When it comes to the history of candy in the 20th century, there are literally hundreds of stories exactly like this:
In the fall of 1980, several Goelitz executives flew down with a proposition. They would give (David Klein) and a partner he had taken on $10,000 apiece every month for 20 years in exchange for the trademark to Jelly Belly.
Klein refused. But then he said he got the sense that the company would continue making the beans without him. Klein did not have the formula and was not versed in manufacturing. Taking his business elsewhere seemed daunting and futile. His partner was ready to retire, and urged him to sign the agreement.
Klein said he caved. And regretted it an instant later.
There are many reasons why companies buy out candy innovators – candy innovators typically do not have the industrial infrastructure in place to take their candy to the next level. Companies who have such infrastructure can pick and choose which candies to buy and distribute to a larger market.
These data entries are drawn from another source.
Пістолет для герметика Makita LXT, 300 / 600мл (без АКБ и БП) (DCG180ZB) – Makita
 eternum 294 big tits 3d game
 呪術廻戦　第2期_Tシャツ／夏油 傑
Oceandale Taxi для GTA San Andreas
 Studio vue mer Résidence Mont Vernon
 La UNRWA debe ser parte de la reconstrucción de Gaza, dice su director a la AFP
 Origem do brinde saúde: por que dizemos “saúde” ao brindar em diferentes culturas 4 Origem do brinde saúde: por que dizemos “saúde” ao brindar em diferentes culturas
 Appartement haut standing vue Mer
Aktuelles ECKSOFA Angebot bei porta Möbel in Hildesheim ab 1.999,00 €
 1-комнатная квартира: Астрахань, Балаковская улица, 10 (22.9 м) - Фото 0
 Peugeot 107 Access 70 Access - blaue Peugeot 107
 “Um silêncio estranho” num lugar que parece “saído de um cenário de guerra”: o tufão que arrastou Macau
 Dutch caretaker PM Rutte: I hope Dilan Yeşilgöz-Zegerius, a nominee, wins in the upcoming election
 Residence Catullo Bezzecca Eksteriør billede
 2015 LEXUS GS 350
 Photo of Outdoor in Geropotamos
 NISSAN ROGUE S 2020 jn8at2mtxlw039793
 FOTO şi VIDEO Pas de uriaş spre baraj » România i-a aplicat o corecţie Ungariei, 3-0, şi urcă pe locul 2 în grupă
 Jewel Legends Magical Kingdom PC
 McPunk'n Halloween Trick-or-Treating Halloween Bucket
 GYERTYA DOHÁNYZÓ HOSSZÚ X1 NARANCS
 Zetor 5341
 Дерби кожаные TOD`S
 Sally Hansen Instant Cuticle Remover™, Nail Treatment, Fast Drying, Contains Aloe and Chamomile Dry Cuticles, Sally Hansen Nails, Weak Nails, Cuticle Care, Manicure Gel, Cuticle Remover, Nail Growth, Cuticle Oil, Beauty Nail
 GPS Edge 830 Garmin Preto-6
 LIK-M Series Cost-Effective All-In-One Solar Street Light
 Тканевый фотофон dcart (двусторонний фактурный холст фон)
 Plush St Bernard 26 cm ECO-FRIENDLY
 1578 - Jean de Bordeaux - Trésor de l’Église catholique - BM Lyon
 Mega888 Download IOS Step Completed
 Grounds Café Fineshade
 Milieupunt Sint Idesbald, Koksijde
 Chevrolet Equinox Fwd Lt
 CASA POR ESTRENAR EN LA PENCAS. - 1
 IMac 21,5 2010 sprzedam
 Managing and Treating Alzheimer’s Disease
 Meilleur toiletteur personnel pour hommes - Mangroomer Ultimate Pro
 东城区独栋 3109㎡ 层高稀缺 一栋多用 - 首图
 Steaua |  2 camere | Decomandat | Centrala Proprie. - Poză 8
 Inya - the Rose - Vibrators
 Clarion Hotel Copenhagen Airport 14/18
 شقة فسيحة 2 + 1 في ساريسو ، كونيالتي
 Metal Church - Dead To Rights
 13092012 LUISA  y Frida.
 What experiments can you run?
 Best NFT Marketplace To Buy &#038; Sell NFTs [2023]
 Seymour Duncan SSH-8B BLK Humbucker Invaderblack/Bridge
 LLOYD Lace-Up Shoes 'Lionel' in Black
This happens all the time.
One need to look no further than Hershey’s to see examples of this. The Kit Kat Bar, Almond Joy, Mounds, York Peppermint Patty, Milk Duds, Whoppers, Good N’Plenty, Jolly Rancher, Bubble Yum, the Heath Bar, and Zagnut are all part of the Hershey catalog and have their roots somewhere other than Hershey, Pennsylvania. This is the candy business in a nutshell, if you’ll pardon the pun.
Dave Klein is just another aspect of this, albeit on a much smaller scale. For all of the marketing of candy as an innocent treat, the reality is that the business of candy is as full of greed as well as victims of that greed as any other industry.